さて、村山座舞台も中盤になってから、舞台番の新吉(吉之丞)が粋で、わざと野暮につくった坂田金左衛門(錦吾)との対照が舞台を盛り上げる。この一対を引き継ぐように、幸四郎の長兵衛、松緑の水野が登場する。そのため、幸四郎は屈託なく長兵衛を造形し、反対に松緑は、悪の凄みを漂わせる。

今回の上演の骨子には、水野と近藤登之助(坂東亀蔵)を容赦なく悪と捉えるところにある。すっきりとした、よい役者がやるから二枚目なのではない。台本に忠実に考えると、水野と近藤は、あからさまな奸計で、長兵衛を惨殺する権力者である。この大筋をはずさない構成で、白柄組と侠客の対立を、粋な江戸の風俗ではなく、人間の本質にかかわるドラマとしたのである。

この観点を貫こうとすると、二幕目、長兵衛内がむずかしい。雀右衛門のお時は情にあふれてすばらしい。歌昇の出尻も飄々とした味を出している。錦之助の唐犬もさっぱりと作っている。子役がつとめる息子が、長兵衛を引き止める件りももちろん泣かせる。しかし、全体に大きなドラマをしつらえると、この幕が人情味あふるる場として、次の水野邸へと結ぶ段取りのように見えてくる。このあたりが、芝居の不思議であろう。
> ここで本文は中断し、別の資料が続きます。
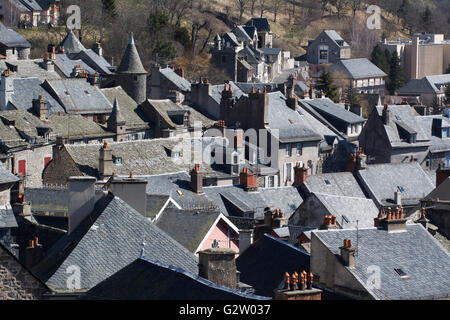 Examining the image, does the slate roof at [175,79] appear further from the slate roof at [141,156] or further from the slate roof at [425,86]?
the slate roof at [425,86]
三幕目に入ってからは、幸四郎の見せ場である。死を覚悟し、早桶を用意した男の意気地があふれる。ここには令和の御代には失われた「恥」の概念があり、長兵衛と水野を隔てているのは、この「恥」なのだとよくわかる。
続くお祭りは、鳶頭一人ではなく、芸者をふたり出して華やかに。梅玉が芯の梅吉、そして、藝者を梅枝と魁春が勤める。ふたりの世代差というよりは、藝質の差を愉しむ所作事となった。

そして吉右衛門の『沼津』である。

この役者は時代物の大役で現在、歌舞伎界の先頭に立つ。ところが、『沼津』の十兵衛で見せる愛嬌とその底に潜む屈託を描出して余すところがない。この演目は、三世歌六の百年忌とある。まさしく十兵衛と拮抗する平作の滋味が歌六によってよく出た。後半からの平作は、なんとかお米(雀右衛門)のために、敵の居所をつきとめたい執念が買ってくる。人のいいおやじと見えたところが、腹を切ってまで大事を成就したい人間へと変わるところに眼目があり、今回の歌六は、平作の真髄に届いている。
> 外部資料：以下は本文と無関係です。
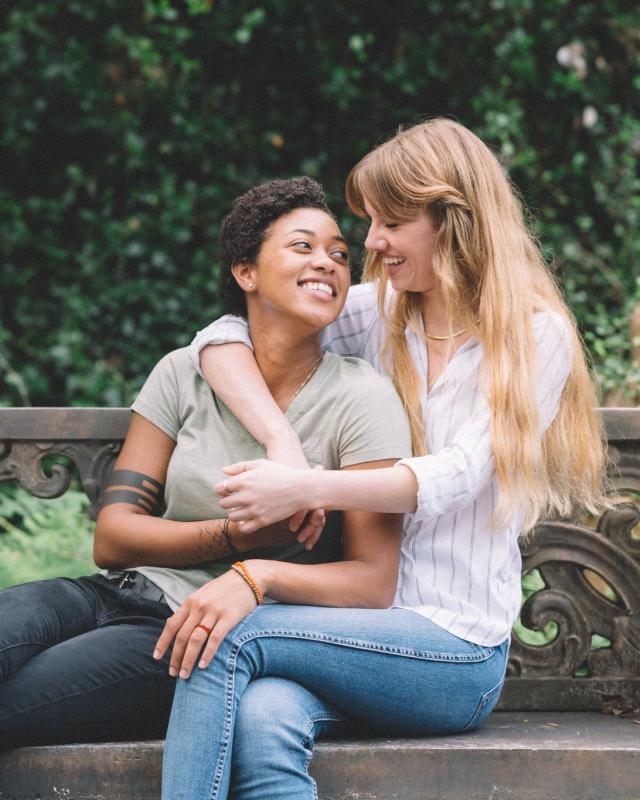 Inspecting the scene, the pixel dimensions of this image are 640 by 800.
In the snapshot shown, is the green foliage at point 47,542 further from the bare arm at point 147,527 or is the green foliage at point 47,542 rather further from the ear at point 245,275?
the ear at point 245,275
芝居の中心はなんといっても寝静まり、お米が十兵衛の印籠を盗み出そうとして発覚するところにある。
もちろん、金銭ずくではない。手傷を負った夫を直したいがため、印籠の薬がほしいという一心である。

それに対して十兵衛は、久作は実父、お米が妹とわかってからが上手い。商人として成功したのだから、すべては金で事態を救おうとする。
けれども、久作やお米は、金よりも敵の行方が知りたい。この双方の思いの齟齬、その食い違いは、やるせなさい。だからこそ芝居となる。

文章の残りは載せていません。